Dari Desa Ie Jeureungeh, jalan mulai berbatu dan kiri kanan jalan dipenuhi semak serta perkebunan masyarakat. Jarak tempuh jalan tersebut sepanjang lima kilometer hingga sampai di lokasi.
Tanda-tanda lokasi camp sudah dekat terlihat dari keberadaan feses gajah berukuran besar di tengah dan pinggir jalan. Berbeda dengan feses hewan ternak sapi dan kerbau, feses gajah berukuran lebih besar dan terdapat banyak serat dari tanaman hasil metabolisme gajah. Hingga tiba di lokasi, terlihat bangunan semi permanen dan beberapa bangunan yang diperuntukkan untuk wisatawan.
Sejumlah wisatawan menikmati sensasi menunggangi gajah jinak sumatera di CRU Sampoiniet, Aceh Jaya, Minggu, 22/1/2023. (Mardili/Lensakita.com)Selain tempat konservasi gajah, CRU Sampoiniet juga digunakan sebagai Ekowisata alam yang dapat dinikmati oleh masyarakat lokal dan mancanegara.
Tugas CRU
Seringnya terjadi konflik antara satwa liar dan manusia membuat pemerintah Aceh seperti Dinas Kehutanan Provinsi, Balai Konservasi Sumber Daya Alam (BKSDA) Aceh, Pemerintah Kabupaten di Aceh serta dibantu oleh Fauna and Flora International (FFI) Program Aceh mendirikan Conservation Respon Unit (CRU).
Pada Juli 2008, Coservation Respon Unit (CRU) resmi didirikan, dengan didatangkan empat ekor gajah jinak sumatera, mahout, ranger, dan beberapa orang masyarakat sekitar yang dilatih agar dapat membantu dalam memitigasi konflik satwa liar dan manusia.
Sempat terhenti, sehingga menyebabkan tingginya kasus konflik satwa liar dengan manusia, akibatnya masyarakat tidak bisa berkebun karena tim tidak lagi bertugas. Sehingga pada 28 Maret 2016, CRU kembali diaktifkan.
Saat ini CRU Sampoiniet memiliki tiga gajah jinak sumatera yang didatangkan dari Pusat Konservasi Gajah (PKG) Saree, Kabupaten Aceh Besar. Gajah-gajah tersebut akan dimanfaatkan jika sewaktu-waktu ada gajah liar yang masuk kawasan, gajah jinak tersebut akan membantu para petugas dan mahout untuk menghalau gajah liar.
Samsul Rijal, Leader CRU Sampoiniet mengatakan, CRU Sampoiniet bertugas dalam memitigasi konflik gajah liar di kawasan Aceh Jaya, namun tidak menutup kemungkinan jika sewaktu-waktu timnya akan diutus ke luar wilayah Aceh Jaya dalam penugasan yang memerlukan bantuan.

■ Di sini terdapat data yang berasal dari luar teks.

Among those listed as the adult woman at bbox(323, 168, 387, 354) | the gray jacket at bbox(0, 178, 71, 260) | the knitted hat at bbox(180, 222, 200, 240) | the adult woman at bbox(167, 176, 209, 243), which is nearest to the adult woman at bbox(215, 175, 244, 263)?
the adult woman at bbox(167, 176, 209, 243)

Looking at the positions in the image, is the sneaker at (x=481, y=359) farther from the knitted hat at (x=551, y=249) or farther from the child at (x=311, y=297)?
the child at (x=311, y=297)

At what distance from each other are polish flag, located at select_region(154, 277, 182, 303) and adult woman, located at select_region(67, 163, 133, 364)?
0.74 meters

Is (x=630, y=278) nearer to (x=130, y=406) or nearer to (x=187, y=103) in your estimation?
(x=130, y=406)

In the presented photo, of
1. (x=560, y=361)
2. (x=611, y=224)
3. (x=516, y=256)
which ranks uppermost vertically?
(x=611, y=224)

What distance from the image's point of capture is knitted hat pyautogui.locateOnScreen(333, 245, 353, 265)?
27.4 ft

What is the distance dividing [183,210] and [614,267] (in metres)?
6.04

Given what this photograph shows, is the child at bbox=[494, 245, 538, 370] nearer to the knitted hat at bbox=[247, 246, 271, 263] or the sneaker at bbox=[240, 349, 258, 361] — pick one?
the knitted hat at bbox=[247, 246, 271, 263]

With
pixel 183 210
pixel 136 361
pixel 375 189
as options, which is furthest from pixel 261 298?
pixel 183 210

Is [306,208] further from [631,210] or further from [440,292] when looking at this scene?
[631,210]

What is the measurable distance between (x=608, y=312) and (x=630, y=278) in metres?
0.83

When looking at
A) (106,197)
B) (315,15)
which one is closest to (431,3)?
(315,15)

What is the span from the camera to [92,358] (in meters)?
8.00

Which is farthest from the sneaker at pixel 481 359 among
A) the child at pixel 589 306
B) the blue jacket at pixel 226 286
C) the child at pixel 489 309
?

“CRU Sampoiniet saat ini memiliki 3 gajah sumatera jinak yang akan dimanfaatkan dalam mitigasi konflik satwa seperti penggiringan dan pengusiran gajah liar yang masuk ke pemukiman masyarakat. Wilayah kerja kita adalah Aceh Jaya, namun apabila dibutuhkan kita juga mengirim tim dan gajah jinak tersebut untuk penggiringan di beberapa wilayah yang ada di Aceh,” kata Samsul RIjal.

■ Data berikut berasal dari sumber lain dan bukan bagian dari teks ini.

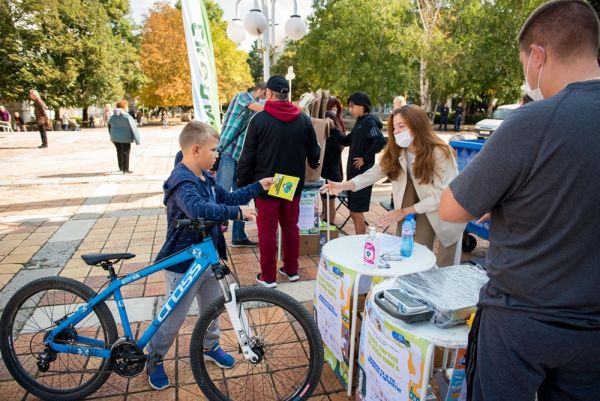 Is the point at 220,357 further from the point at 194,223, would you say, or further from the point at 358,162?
the point at 358,162

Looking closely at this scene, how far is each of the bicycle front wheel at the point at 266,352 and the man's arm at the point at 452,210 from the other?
3.69 feet

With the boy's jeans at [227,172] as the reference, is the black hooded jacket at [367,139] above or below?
above

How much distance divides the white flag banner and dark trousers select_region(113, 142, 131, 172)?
6374 mm

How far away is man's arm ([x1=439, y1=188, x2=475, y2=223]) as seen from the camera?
138 centimetres

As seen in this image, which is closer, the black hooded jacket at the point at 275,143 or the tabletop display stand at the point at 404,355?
the tabletop display stand at the point at 404,355

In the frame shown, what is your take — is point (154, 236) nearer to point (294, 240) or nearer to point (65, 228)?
point (65, 228)

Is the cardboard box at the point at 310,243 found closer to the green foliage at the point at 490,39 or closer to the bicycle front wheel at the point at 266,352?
the bicycle front wheel at the point at 266,352

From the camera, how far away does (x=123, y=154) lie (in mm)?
10781

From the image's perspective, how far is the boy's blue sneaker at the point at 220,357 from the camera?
2.78m

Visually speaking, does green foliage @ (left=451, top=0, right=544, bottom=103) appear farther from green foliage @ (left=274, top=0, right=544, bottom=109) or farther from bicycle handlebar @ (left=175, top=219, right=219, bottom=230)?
bicycle handlebar @ (left=175, top=219, right=219, bottom=230)

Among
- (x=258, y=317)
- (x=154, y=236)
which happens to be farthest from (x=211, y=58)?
(x=258, y=317)

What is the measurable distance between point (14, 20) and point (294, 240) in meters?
32.5

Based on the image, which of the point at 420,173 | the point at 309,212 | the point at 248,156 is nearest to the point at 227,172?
the point at 309,212

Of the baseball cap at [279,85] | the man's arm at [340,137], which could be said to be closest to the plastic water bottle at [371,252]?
the baseball cap at [279,85] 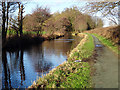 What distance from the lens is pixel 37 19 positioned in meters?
23.9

Provinsi Aceh memiliki tujuh CRU yaitu, CRU Sampoiniet di Kabupaten Aceh Jaya, CRU Pintoe Rime di Kabupaten Bener Meriah, CRU Woyla di Kabupaten Aceh Barat, CRU Serbajadi di Kabupaten Aceh Timur, CRU Trumon di Kabupaten Aceh Selatan, CRU Manee di Kabupaten Pidie, dan CRU Cot Girek di Kabupaten Aceh Utara.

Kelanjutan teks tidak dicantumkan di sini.